» **Task goal**: Below are the entries. Print only the lines starting at the one with "Süvari Armür Desenli Erkek Gömlek" and ending at the one with "Komatsu PW118MR-11W - Hjulgravemaskine: billede 1 Komatsu", exactly, with no pictures.

» **Available data**:
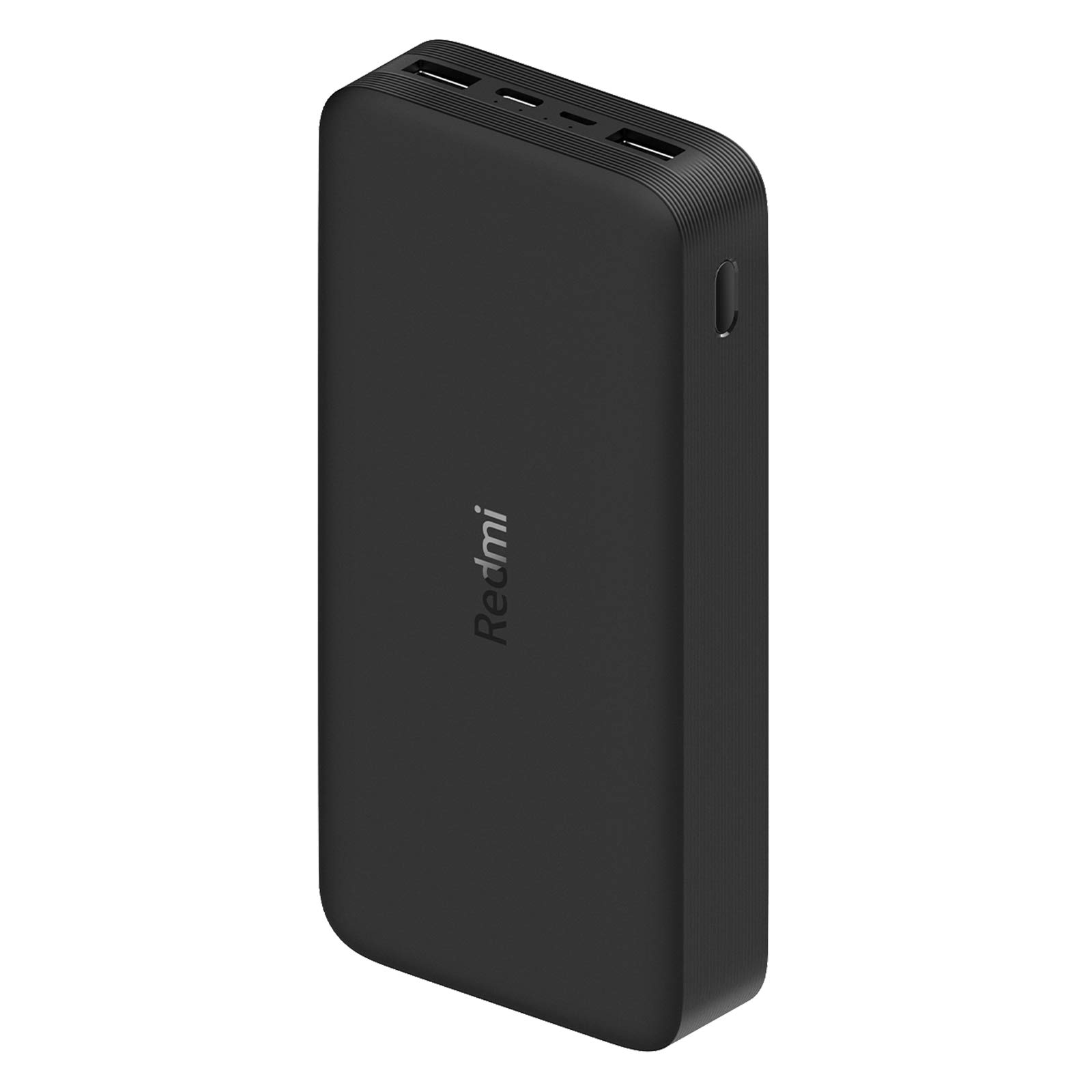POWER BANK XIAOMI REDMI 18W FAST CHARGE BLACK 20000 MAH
* * *
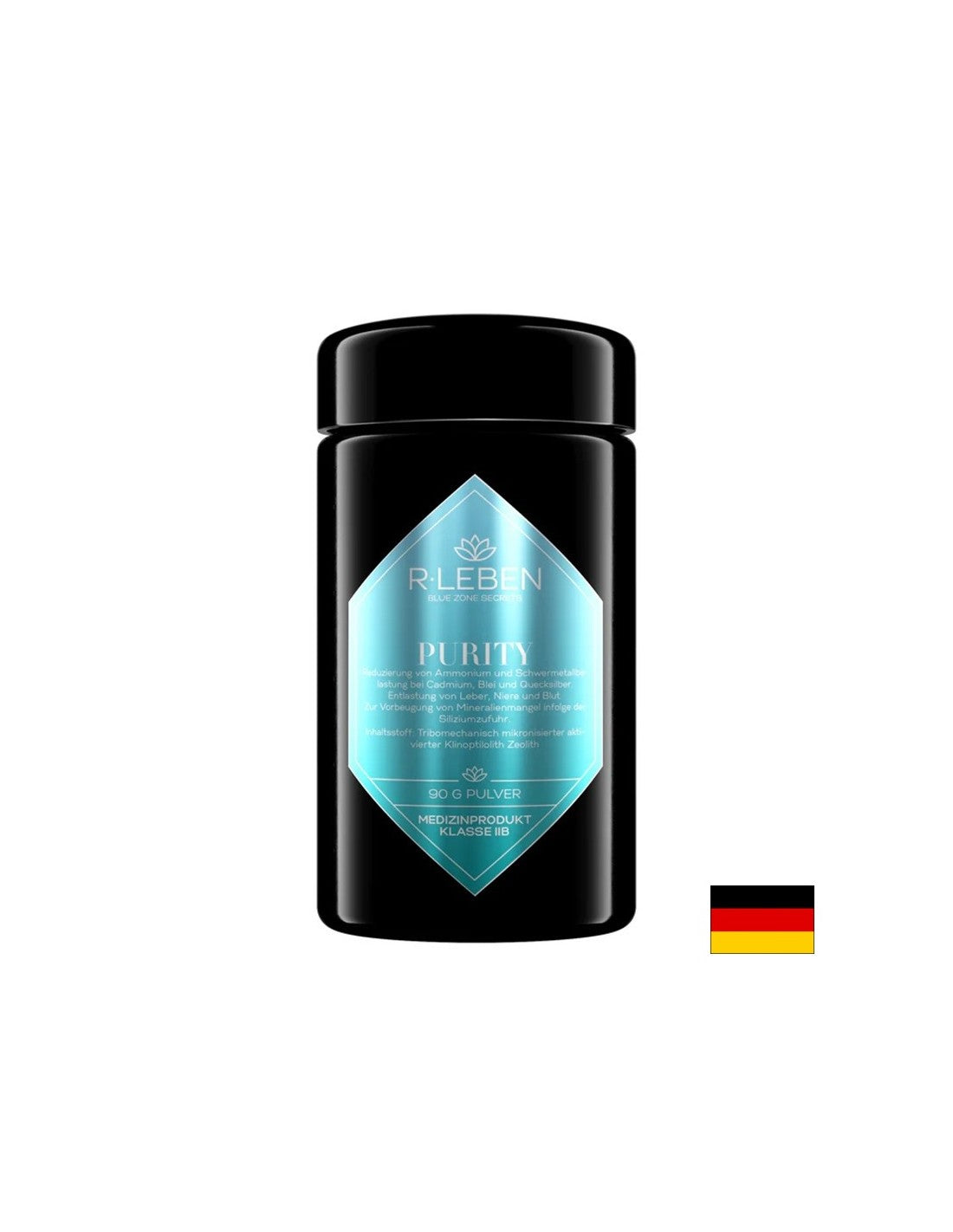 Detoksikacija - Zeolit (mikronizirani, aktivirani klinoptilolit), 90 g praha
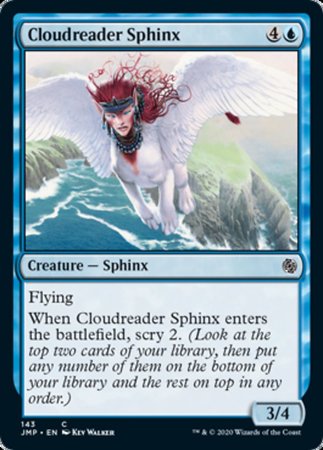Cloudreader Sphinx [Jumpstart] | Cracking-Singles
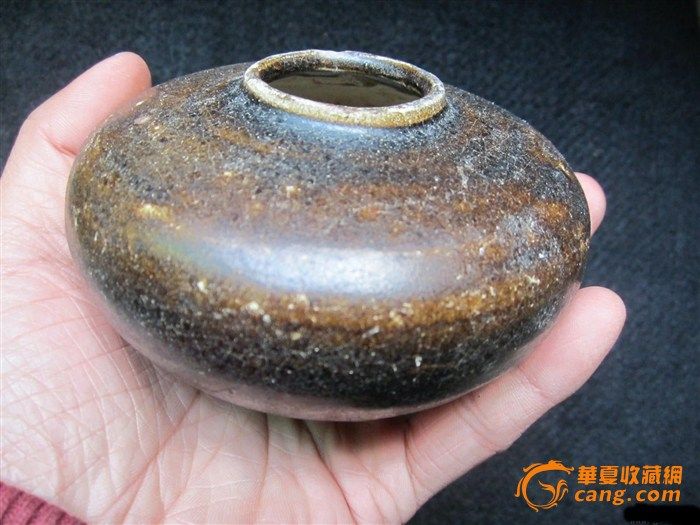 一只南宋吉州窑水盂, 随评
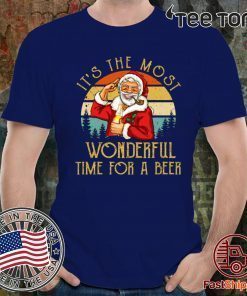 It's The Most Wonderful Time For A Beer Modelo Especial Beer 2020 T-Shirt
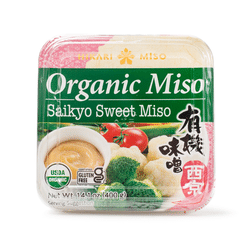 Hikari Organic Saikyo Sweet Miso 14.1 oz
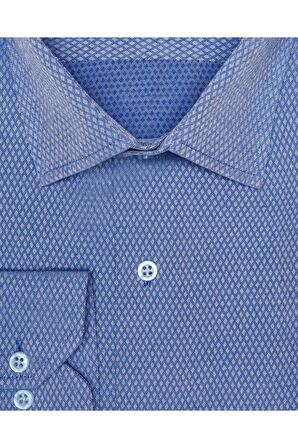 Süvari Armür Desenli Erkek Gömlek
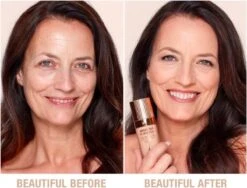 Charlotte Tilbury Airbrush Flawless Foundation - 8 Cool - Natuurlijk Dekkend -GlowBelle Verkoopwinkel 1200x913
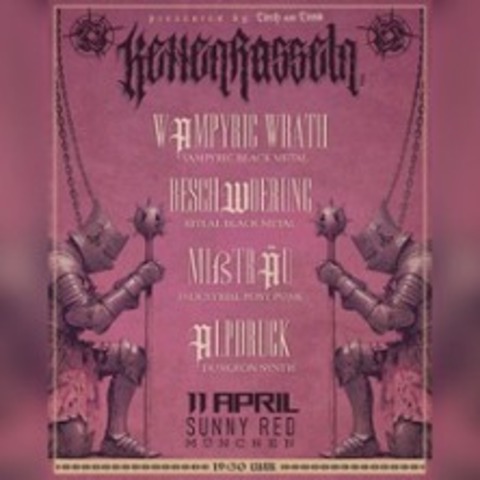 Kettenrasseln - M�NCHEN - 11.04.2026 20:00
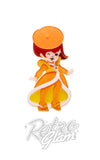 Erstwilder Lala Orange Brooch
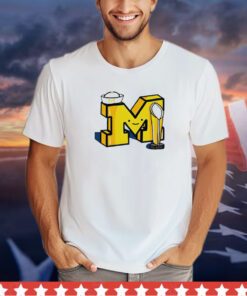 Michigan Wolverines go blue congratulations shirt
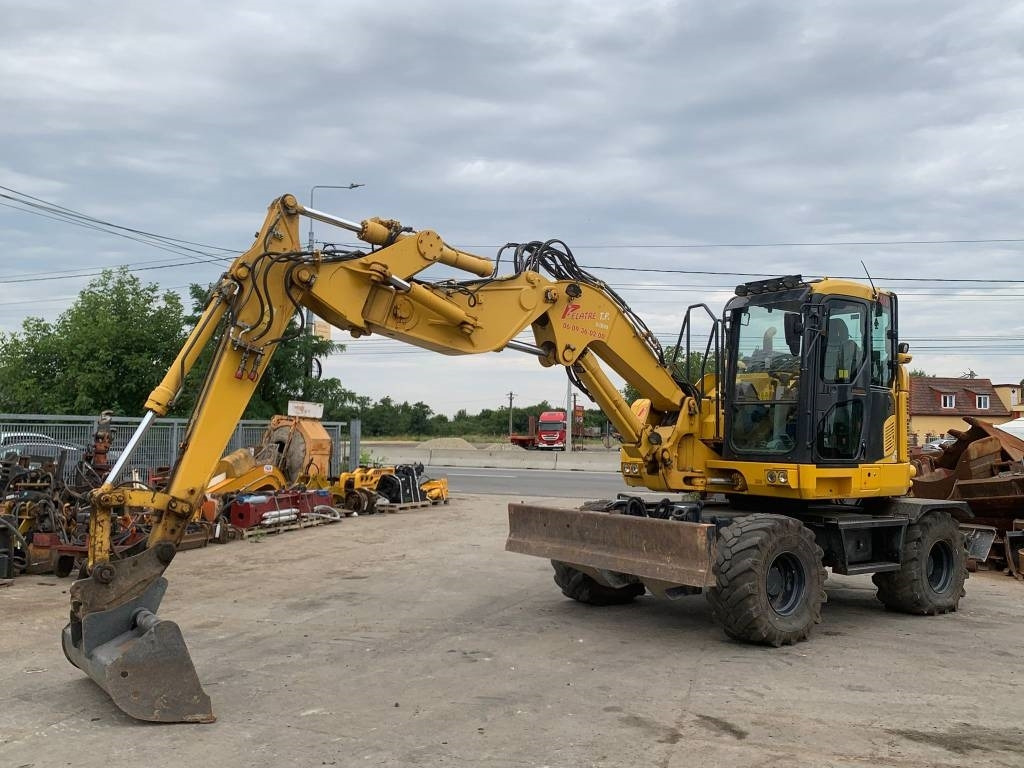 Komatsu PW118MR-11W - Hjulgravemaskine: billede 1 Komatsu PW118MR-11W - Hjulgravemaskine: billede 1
...
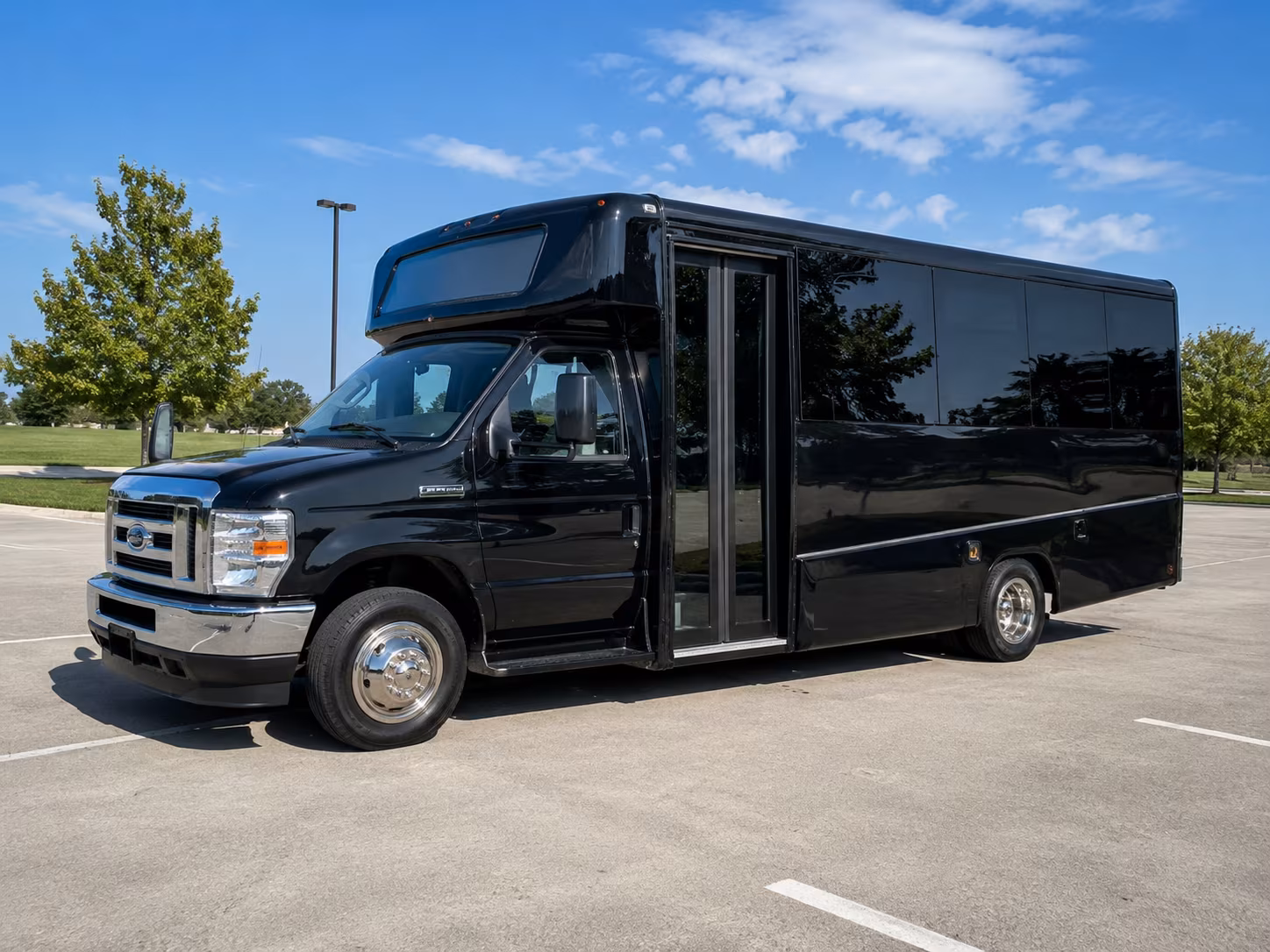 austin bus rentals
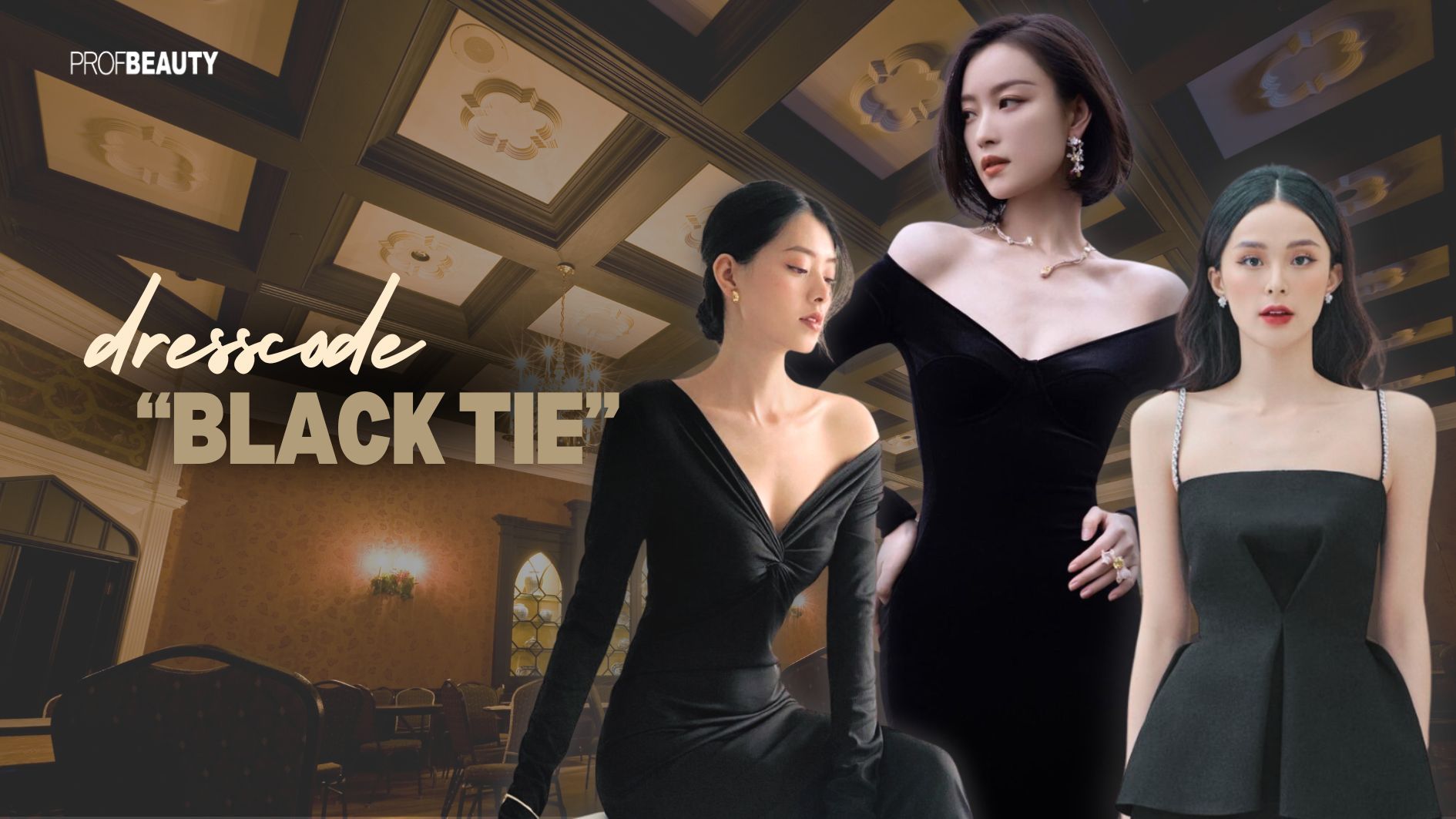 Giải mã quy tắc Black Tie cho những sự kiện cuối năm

» **Reply to the exercise**:
 Süvari Armür Desenli Erkek Gömlek
 Charlotte Tilbury Airbrush Flawless Foundation - 8 Cool - Natuurlijk Dekkend -GlowBelle Verkoopwinkel 1200x913
 Kettenrasseln - M�NCHEN - 11.04.2026 20:00
 Erstwilder Lala Orange Brooch
 Michigan Wolverines go blue congratulations shirt
 Komatsu PW118MR-11W - Hjulgravemaskine: billede 1 Komatsu PW118MR-11W - Hjulgravemaskine: billede 1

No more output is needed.